Page:Revue des Deux Mondes - 1915 - tome 29.djvu/391

Le texte de cette page a été corrigé et est conforme au fac-similé.


III

Les souvenirs des vétérans de 1870 n’ont pas seulement pour le lecteur français la valeur d’une autobiographie et d’une confession collective ; ils présentent encore l’avantage de refléter les impressions laissées à leurs auteurs par le pays où les a conduits la guerre.
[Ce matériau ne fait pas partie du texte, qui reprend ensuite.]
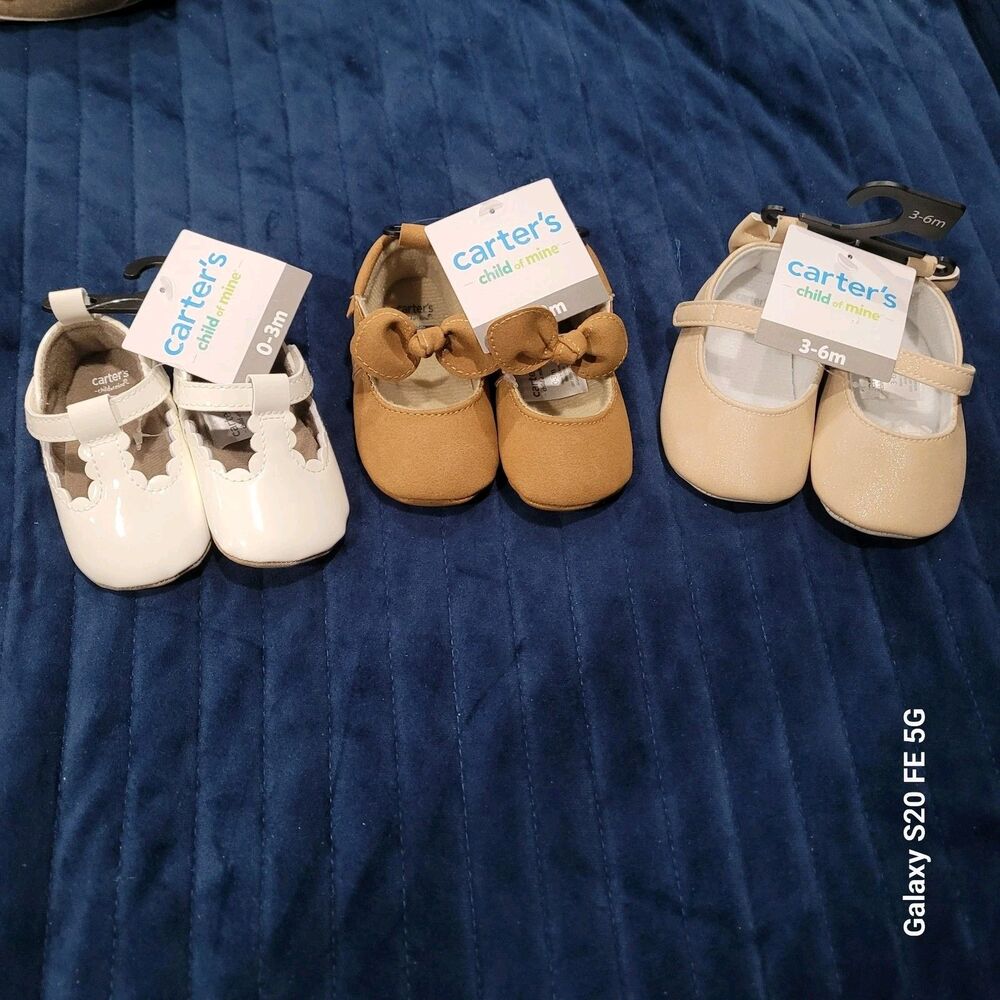 Lot Of 3 Carter’s Child Of Mine Infant Girls Spring / Summer Shoes Sandals SB6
Ceux-ci n’ont pu rester six mois en contact avec sa population et en lutte avec ses armées sans se former quelques idées précises sur les hommes et les choses de France.

Sur les choses, ils s’expriment avec d’autant plus de liberté que leur patriotisme n’est pas en jeu, et en des termes d’autant plus favorables qu’ils viennent pour la plupart de régions pauvres et ingrates, partagées entre les plaines sablonneuses de la Prusse et les plateaux arides de la Bavière, restées jusqu’alors étrangères, non seulement aux raffinemens du goût, mais encore aux habitudes de bien-être développées depuis par trente années de prospérité économique. Aussi tout est-il pour eux un objet de surprise admirative dans l’aspect extérieur de la France : ses rians paysages et ses grasses campagnes, l’air d’aisance de ses habitans, l’élégance de leurs intérieurs, et d’une manière générale l’apparence de richesse du pays. A chaque étape parcourue en terre ennemie, Kretschmann, peu suspect pourtant de partialité envers ses adversaires, s’extasie tour à tour sur les environs de Metz, qu’il compare à un « parc anglais, » sur la grande rue de Commercy, mieux bâtie et mieux pavée que Berlin, sur le château de Cirey, qui réalise à ses yeux l’idéal d’une résidence seigneuriale, sur la noblesse et la variété des sites des alentours du Mans, sur les splendeurs de Fontainebleau. Il n’est pas jusqu’au mobilier officiel des préfectures qui ne lui apparaisse comme un modèle de bon goût. « Il est visible, conclut-il avec un soupir, que ces gens ont beaucoup d’argent… C’est en France seulement qu’on apprend à connaître le luxe[1] ! » Encore ses fonctions à l’état-major lui ont-elles valu de loger dans des quartiers de choix. — Bauriedel, moins bien partagé, ne cache pas sa stupéfaction de retrouver le même bien-être dans les classes inférieures de la société. Il est cantonné à Lieusaint dans une

  1. Kretschmann, pp. 188 et 190 ; cf. pp. 75, 90, 169, 174, 175 et 289.